*** Provided material

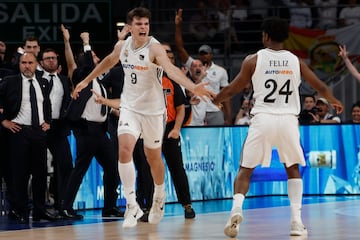 Hugo González celebra una de sus acciones con Andrés Feliz.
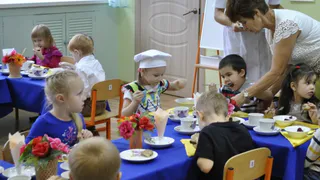 Грязная посуда: три сараевских детсада кормили воспитанников с нарушениями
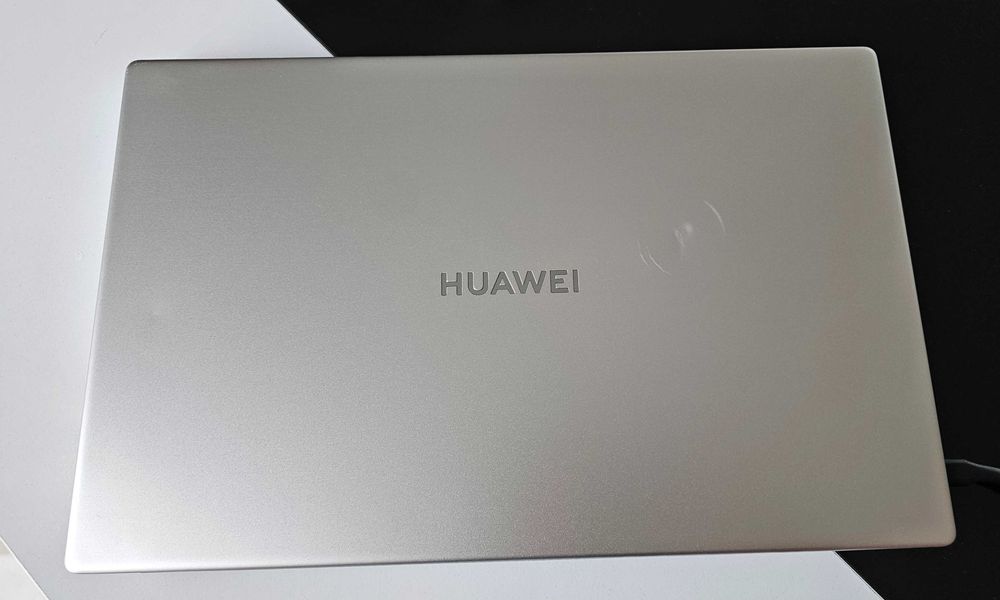 Huawei D15 Ryzen 5 / 8GB DDR4 / NVME 256GB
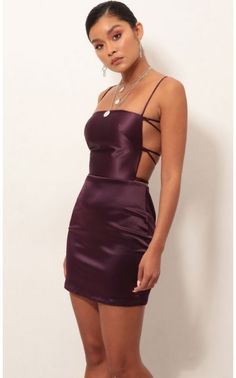 Tight Dress Outfit, Elegante Casual, Fashion Blogger Style, Online Fashion Stores, Dance Dresses, Fancy Dresses, Purple Dress, Satin Dresses, Pretty Dresses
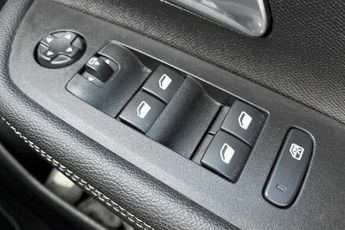 VAUXHALL MOKKA Electric 50kWh Ultimate SUV 5dr Electric Auto (136 ps)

******

_Task prompt_
Would you restate word for word only the lines from the line with "Tight Dress Outfit, Elegante" to the last line above, with the pictures left out?

_Answer for the task_
 Tight Dress Outfit, Elegante Casual, Fashion Blogger Style, Online Fashion Stores, Dance Dresses, Fancy Dresses, Purple Dress, Satin Dresses, Pretty Dresses
 VAUXHALL MOKKA Electric 50kWh Ultimate SUV 5dr Electric Auto (136 ps)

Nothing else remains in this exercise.